FIG. 2 is a perspective view of a sensor chip according to one embodiment of the present invention.

FIG. 3 is a diagram illustrating an example of a detection result detected by a concentration measuring device according to an embodiment of the present invention.

FIG. 4 is a diagram showing measured values and functions obtained according to an embodiment of the present invention.

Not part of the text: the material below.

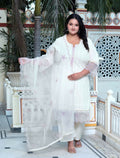 Miravan Women's Plus Size Organza Cotton Chikankari Embroidered With Purple Sequence work Jaipuri Suit Set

FIG. 5 is a diagram showing a function obtained according to another embodiment of the present invention.

[Explanation of symbols]

 DESCRIPTION OF SYMBOLS 1 Sensor chip 1a Gold thin film 1b Glass plate 1c Holder 1d-1f Housing part 2 Light emitting diode 3 Convex lens 4 CCD camera 5 Numerical conversion part 6 Function calculation part 7 Concentration calculation part 8 Prism

 ──────────────────────────────────────────────────続 き Continuing on the front page (72) Inventor Yutaka Sasaki 1000, Kamoshita-cho, Aoba-ku, Yokohama-shi, Kanagawa Prefecture Inside the Yokohama Research Laboratory, Ryobi Chemical Co., Ltd. (72) Inventor Kazuhiko Watanabe 1000, Kamoshita-cho, Aoba-ku, Yokohama-shi, Kanagawa (72) Inventor: Yasuo Koike 1000, Kamoshida-cho, Aoba-ku, Yokohama-shi, Kanagawa Prefecture F-term (reference) 2G059 AA01 AA05 BB04 CC17 DD03 DD13 DD20 EE01 EE02 FF03 GG01 GG02 JJ11 JJ12 JJ21 KK04 MM01

Claims (4)

[Claims] 1. A metal film is provided on one surface, a light transmitting medium having a desired refractive index is provided, and a housing for housing a measurement sample in contact with the metal film surface is provided on the metal film side. A measuring element, a light source that irradiates light incident on a surface of the measuring element that is not in contact with the metal film, and a light transmitting medium and the metal film that irradiate light irradiated from the light source. Incident angle setting means for causing various angles of incidence to be obtained with respect to the interface with the detection means; detection means capable of detecting the intensity of light reflected at the interface at various reflection angles; and An arithmetic processing unit for calculating the concentration of the unknown concentration sample from the measured values of the unknown concentration and known concentration measurement samples respectively housed in different storage units, which are measured without detaching the measuring element. Concentration measuring device. 2. The concentration measuring device according to claim 1, wherein the measuring element has a moving unit that can move relatively to the light source, the incident angle setting unit, and the detecting unit. Concentration measuring device. 3. The concentration measuring device according to claim 1, wherein the concentration of the polymer is measured. 4. The concentration measuring device according to claim 3, wherein the polymer is a biopolymer.